Tytuł projektu:  „Akademia Innowacyjnych Zastosowań Technologii Cyfrowych (AI Tech)”
    </center>

In this lab, you will implement some of the techniques discussed in the lecture.

Below you are given a solution to the previous scenario. Note that it has two serious drawbacks:
 * The output predictions do not sum up to one (i.e. it does not return a distribution) even though the images always contain exactly one digit.
 * It uses MSE coupled with output sigmoid which can lead to saturation and slow convergence

**Task 1.** Use softmax instead of coordinate-wise sigmoid and use log-loss instead of MSE. Test to see if this improves convergence. Hint: When implementing backprop it might be easier to consider these two function as a single block and not even compute the gradient over the softmax values.

**Task 2.** Implement L2 regularization and add momentum to the SGD algorithm. Play with different amounts of regularization and momentum. See if this improves accuracy/convergence.

**Task 3 (optional).** Implement Adagrad, dropout and some simple data augmentations (e.g. tiny rotations/shifts etc.). Again, test to see how these changes improve accuracy/convergence.

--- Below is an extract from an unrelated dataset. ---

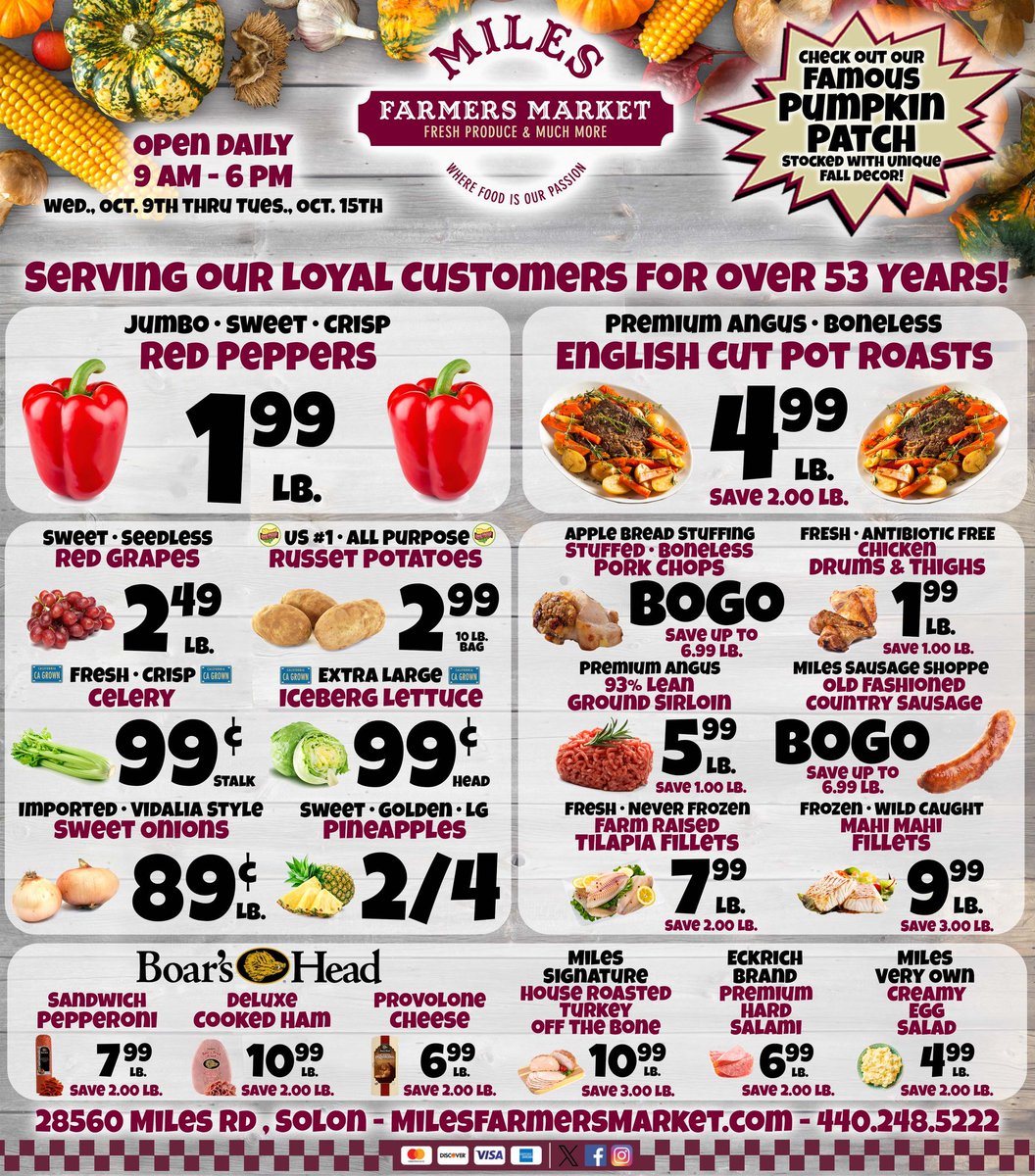MilesFarmersMkt's tweet photo. See 👀 what's on #SALE Prices good 10/09/2024 thru 10/15/2024 #milesabovetherest #wherefoodisourpassion https://t.co/IbMYwzFrM1 https://t.co/Y97qt8XOVf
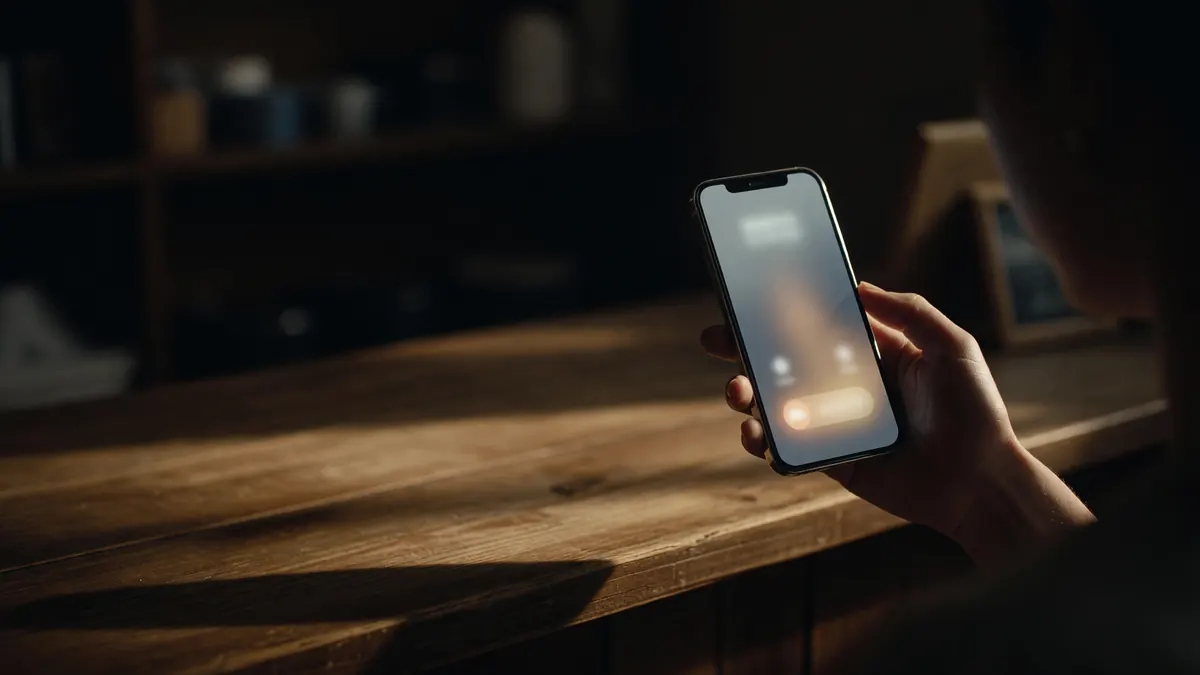 A hand holds a phone glowing with an incoming call over a wooden shop counter in warm afternoon light.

**Task 4.** Try adding extra layers to the network. Again, test how the changes you introduced affect accuracy/convergence. As a start, you can try this architecture: [784,100,30,10]


In [1]:
import random
import numpy as np
from torchvision import datasets, transforms
from PIL import Image

In [2]:
# Let's read the mnist dataset

def load_mnist(path='.'):
    train_set = datasets.MNIST(path, train=True, download=True)
    x_train = train_set.data.numpy()
    _y_train = train_set.targets.numpy()

    test_set = datasets.MNIST(path, train=False, download=True)
    x_test = test_set.data.numpy()
    _y_test = test_set.targets.numpy()

    x_train = x_train.reshape((x_train.shape[0],28*28)) / 255.
    x_test = x_test.reshape((x_test.shape[0],28*28)) / 255.

    y_train = np.zeros((_y_train.shape[0], 10))
    y_train[np.arange(_y_train.shape[0]), _y_train] = 1

    y_test = np.zeros((_y_test.shape[0], 10))
    y_test[np.arange(_y_test.shape[0]), _y_test] = 1

    return (x_train, y_train), (x_test, y_test)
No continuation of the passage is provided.